The boys gaped at a respectable distance from the select. Teacher read
out loudly the lines of a popular hymn of praise in advance and for the
benefit of his congregation. It meant nothing to the boys. Nor did they
pretend that it did. Teacher next read out a portion from the big black
book which he carried in his hand. He urged his hearers to repent of
their sins for the Kingdom of God was at hand. A heavy peal of thunder
which tailed off into rumbling and died our grumbling behind the clouds
effectively emphasised the case for repentance.

Then the real
attraction of the evening stepped out into the open. He was a very tall
man with a big head that was bald in the front and fringed with a
horse-shoe formation of hair – a mixture of black and white in a ratio
that left the age a mystery. He wore a black suit. Unlike Teacher’s
striped collar with black tie, this stranger’s white collar was turned
the other way round, and he had no tie at all. The rumour went round
the group of children and the seven men and women whose curiosity had
brought them thither, that that white collar was a symbol that the
newcomer was greater than Teacher.

Now that was
remarkable. Someone greater than Teacher in learning! For Teacher was
the pride of Isolo. He alone could write letters and interpret
telegrams.

The pastor looked
round the little group of potential converts, and cast an anxious
glance at the jumbled group of thatched houses in which he knew
villagers went about their secular business indifferent to the call of
the Word. He would give them a few more moments. He recited the four
lines of another song, and started off in a deep, rumbling voice on the
first line:

O’er heathen lands afar

Thick darkness broodeth yet.

Arise! oh morning star,

Arise and never set.

As the fold were
finishing the last line the leader swiftly started on the first line
again. The spirit of the thing caught. They all repeated the verse
again and again.

Then followed the
golden word: “We have brought into your darkness the light of Christ.”
The pastor’s voice was melodious. They all admired him, this curious
hero of much learning. “There is no salvation in the worship of trees
and rivers.” So saying he kicked the trunk of the huge Odan tree fairly
viciously. That was a challenge. The tree was known to be inhabited by
the spirit of the god of the village. He looked round as if waiting for
something to happen – enough time for the tree to hit back if it would.
It didn’t.

“You see, brethren,
it is only a tree, and therefore cannot hit back when kicked,” he
continued. “There is no salvation in the worship of trees and rivers…
There is one and only one way to eternal life. The Lord Jesus Christ is
the way and the life… Throw away your false gods and follow Him. Burn
your idols – they have no mouths – they cannot talk.”

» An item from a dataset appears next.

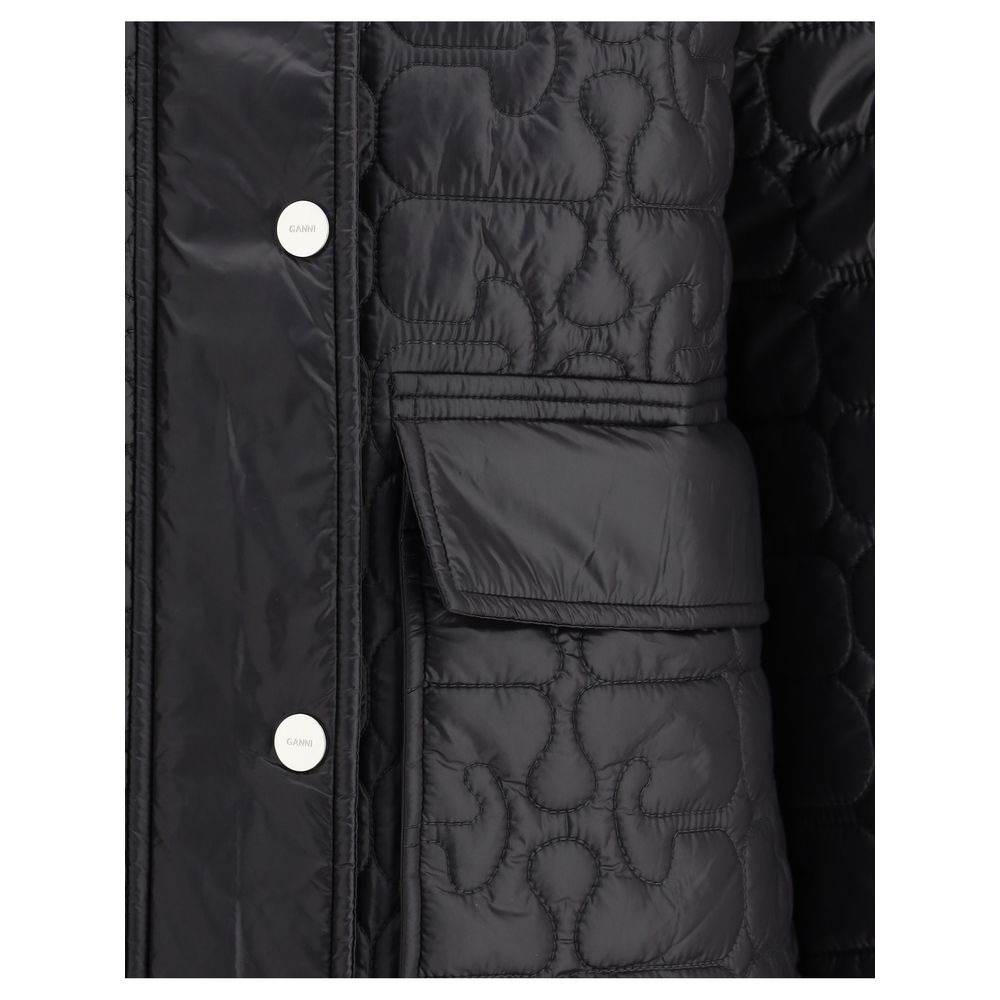 Close-up of Ganni Gray Nylon Coat showcasing quilted design and flap pocket for a stylish and functional look.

He once more paused for a moment, as if expecting something to happen. Something did happen then.

“But Toro’s
Grandma’s Shonponna has a mouth, and does talk!” It was a small boy
that piped out from the crowd. The man of God stepped forward three
paces, and bent double. With his only functioning eye he regarded the
waif with gravity. Challenge to the Word was a most unusual thing. And
this challenge had come from a most unusual quarter. He was a little
thing with a fat tummy. Half the skin of his head had been laid waste
by ringworm.

One church elder
recovered first from the shock. Taking four quick steps forward he
gathered with his left hand the tattered end of the boy’s jumper and
smacked him on the head with the palm of his right hand. It would teach
the boy sense. It would put an end to the embarrassment.

But it did not. Instead it earned the elder the pastor’s disapproval, indicated by deep furrows and wrinkles on his face.

“Not so, Elder
Joshua,” he said rather gravely. “Suffer little children to come unto
me. For theirs is the Kingdom of Heaven.” Here Elder Jeremiah nodded
his fat head in approval of the clergyman’s declaration for youth.
“That is the way of Christ,” he said, “the way of Christ.”

The pastor’s eye
was riveted on the boy. The whole group stared at him. He stared at the
red laterite ground. The atmosphere was tense.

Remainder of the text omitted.